Мистер Смит был долговязым, тощим и сутулым. Он смотрел приветливо, всем улыбался, тряс руки, похлопывал собеседника по плечу, осматривая его со стороны, что-то весёлое бросая своему спутнику, толстенькому, неповоротливому и мрачному. Тот бесстрастно переводил реплики своего шефа, а в паузах глазел по сторонам.

Соловьёв и Байтенов водили гостей по совхозу, отвечая на многочисленные вопросы.

Соловьёва интересовало, что скрывается за полузагадочной улыбкой журналиста, которая, казалось, никогда не покидала его длинного лица. Когда он увидел, сколько техники собрано перед ремонтными мастерскими, он спросил:

— Во все совхозы прислано столько машин?

— Да, во все.

Смит покачал головой, словно хотел сказать: это очень хорошо, если только это правда.

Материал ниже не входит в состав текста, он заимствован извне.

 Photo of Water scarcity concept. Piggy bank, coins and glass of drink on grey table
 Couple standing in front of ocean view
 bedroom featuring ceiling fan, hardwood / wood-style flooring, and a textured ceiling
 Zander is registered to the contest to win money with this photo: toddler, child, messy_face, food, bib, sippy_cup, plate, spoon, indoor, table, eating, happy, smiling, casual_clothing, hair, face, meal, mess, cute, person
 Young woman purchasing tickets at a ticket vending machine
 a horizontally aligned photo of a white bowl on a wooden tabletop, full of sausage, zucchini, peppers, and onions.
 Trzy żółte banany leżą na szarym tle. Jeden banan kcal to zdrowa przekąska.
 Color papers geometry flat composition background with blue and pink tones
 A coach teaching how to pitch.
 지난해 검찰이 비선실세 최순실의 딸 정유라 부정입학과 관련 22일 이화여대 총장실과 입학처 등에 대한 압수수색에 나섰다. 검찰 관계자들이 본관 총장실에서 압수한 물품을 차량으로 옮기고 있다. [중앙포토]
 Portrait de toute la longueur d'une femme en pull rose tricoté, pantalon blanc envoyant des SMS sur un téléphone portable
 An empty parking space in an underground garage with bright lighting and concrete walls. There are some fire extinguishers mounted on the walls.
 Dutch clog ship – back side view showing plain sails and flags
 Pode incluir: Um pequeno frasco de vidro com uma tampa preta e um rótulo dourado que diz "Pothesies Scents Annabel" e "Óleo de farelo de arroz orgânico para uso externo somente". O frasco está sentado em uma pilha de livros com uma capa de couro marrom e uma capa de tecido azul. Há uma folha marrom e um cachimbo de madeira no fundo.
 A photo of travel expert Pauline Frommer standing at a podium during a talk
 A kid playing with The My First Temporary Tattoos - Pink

Байтенов спокойно заметил:

— Не имело бы смысла поднимать такие огромные пространства, если бы мы не располагали техникой.

— О да! — журналист любезно кивнул головой.

Потом пошли в столовую, где гостей встретила

Шекер-апа, накормив их вкуснейшим обедом.

— А как питаются рабочие? — поинтересовался Смит.

— Так и питаются, — ответил Соловьёв, — можете подождать обеденного перерыва и увидите, что всем будут поданы те же самые блюда.

— Я понимаю. А в другие дни?

— Вы хотите сказать, что ради вашего приезда рабочих кормят иначе, чем всегда?

— Что вы! Я просто любопытен. Я журналист и обязан спрашивать обо всём.

Гости с интересом познакомились с проектом будущего совхозного городка.